Other assets increased by $1.1 million or 34% from December 31, 2003 to June 30, 2004. An increase of $0.8 million is due to the repayment of a loan collateralized by the cash surrender value of life insurance policies of former officers of the Company. In addition, the Company received $0.1 million of dividends and made premium payments of $0.2 million related to the insurance policies. The remainder of the increase is attributable to $0.2 million in a refundable deposit paid on two aircraft which the Company may purchase in 2004.

Due from affiliates increased by $1.0 million or 23% from December 31, 2003 to June 30, 2004. The increase of $1.0 million was primarily attributable to an increase in interest receivable on loan obligations due from Mr. Engle and Mr. Coyne.

Accounts payable and accrued expenses increased by $2.8 million or 36% from December 31, 2003 to June 30, 2004. The increase is primarily attributable to $1.9 million payable for railcars purchased by MILPI. The remaining increase of $0.9 million is attributable to deferred income taxes reclassified as a currently liability during 2004.

Indebtedness to unrelated third parties decreased by $12.5 million or 64% from December 31, 2003 to June 30, 2004 due to principal payments of $15.7 million. This decrease was offset by $3.2 million of additional borrowings on the Company’s warehouse facility which was repaid subsequent to June 30, 2004.

Indebtedness and other obligations to affiliates increased by $0.6 million or 2% from December 31, 2003 to June 30, 2004. The increase in indebtedness and other obligations to affiliates is attributable to $0.9 million in accrued interest being recorded during the six months ended June 30, 2004. This increase was partially offset by $0.3 of payments under these debt obligations to affiliates during 2004.

Deferred income taxes decreased by $0.9 million or 6% from December 31, 2003 to June 30, 2004. The decrease is attributable to $0.9 million of deferred income taxes that was reclassified as a current liability during the year.

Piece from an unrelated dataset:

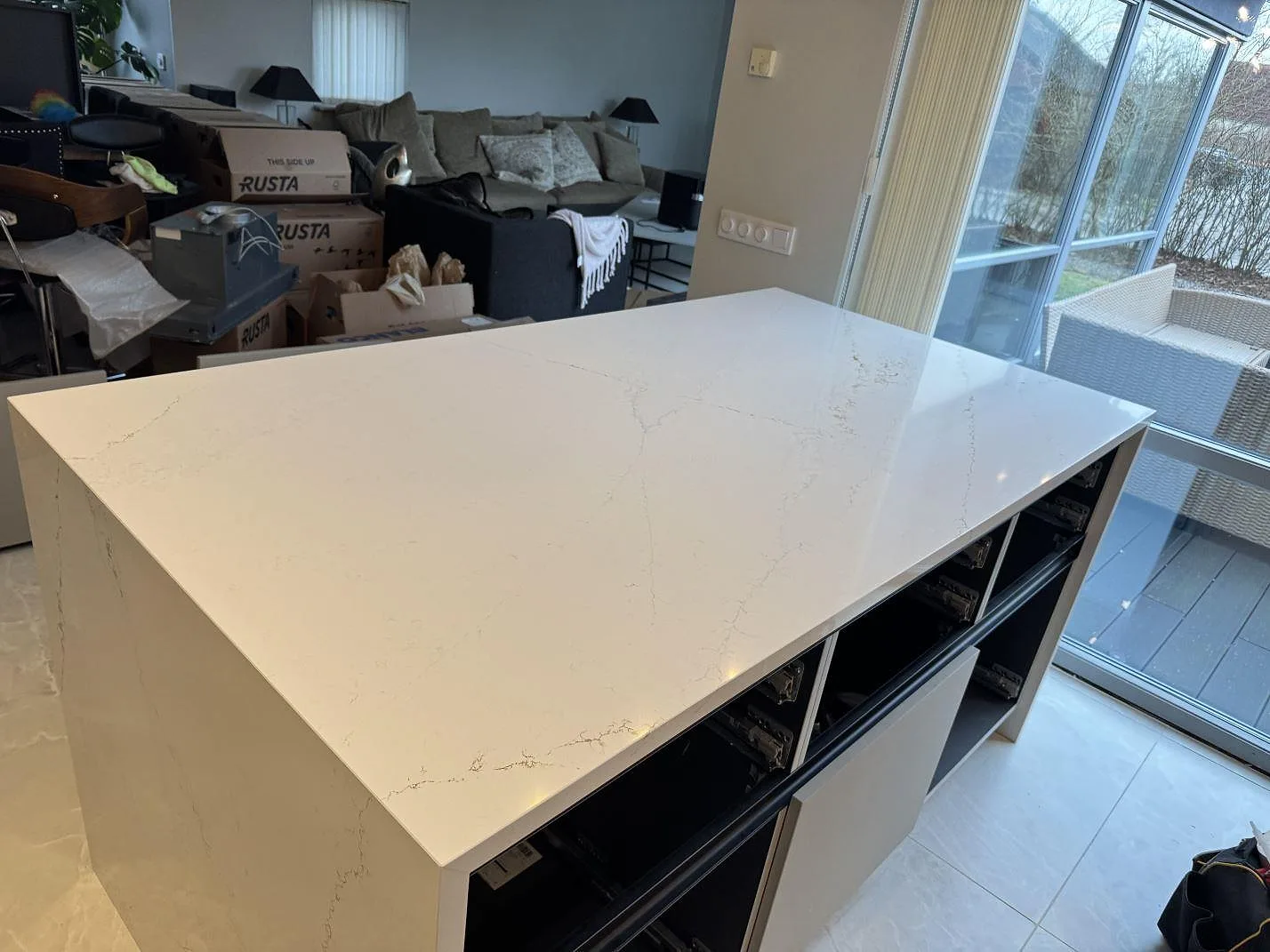 Köksbänkskiva och köksö i vit Silestone Ethereal Glow med mjuk grå ådring, polerad yta och waterfall-kant i ett kök i Lund.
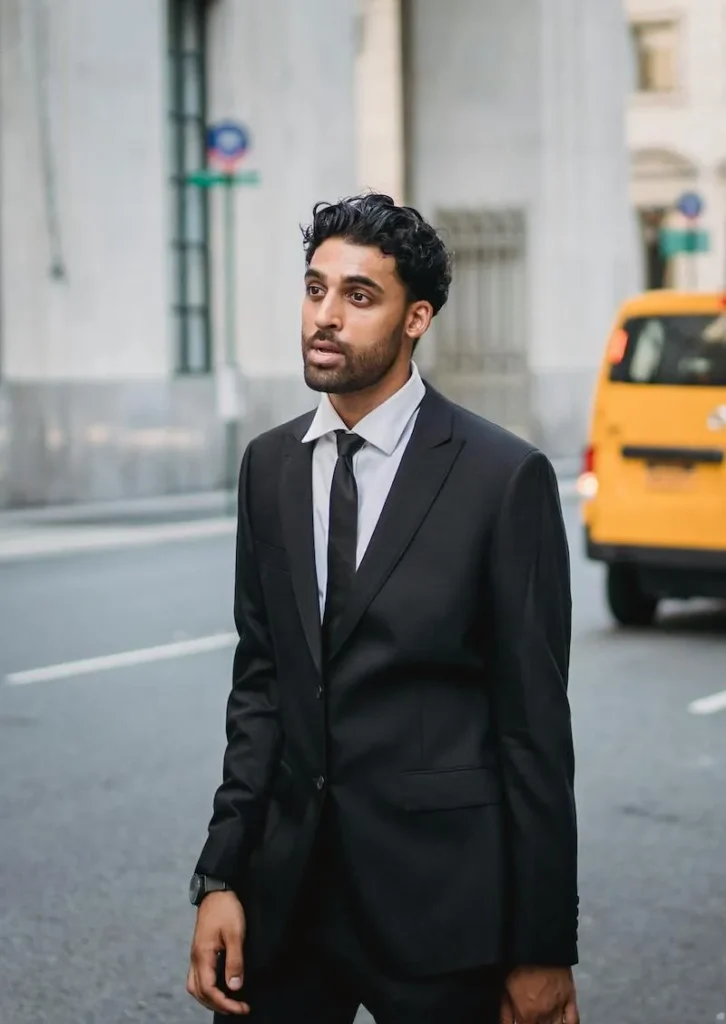 man in suit standing in street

Proposed Equity Transaction with Affiliates

During 2003, the Company received a proposal from Mr. Engle and Mr. Coyne, Semele’s CEO and President, respectively, for the acquisition of all of the outstanding shares of Company’s common stock. As a result, the Company created a special committee consisting of outside members of the Board of Directors to consider the offer.

In January 2004, the special committee negotiated and approved a purchase price with Mr. Engle and Mr. Coyne of $1.40 per share. As part of the transaction, the Company filed a preliminary proxy statement soliciting its shareholders to consider a proposal to amend the Company’s certificate of incorporation to effect a reverse and forward stock split of the Company’s outstanding common stock. As a result of this split, shareholders owning less than 4,000 or less shares of the Company’s stock will receive from the Company $1.40 in cash per share. Shareholders owning more than 4,000 shares will own the same number of shares after the completion of the split.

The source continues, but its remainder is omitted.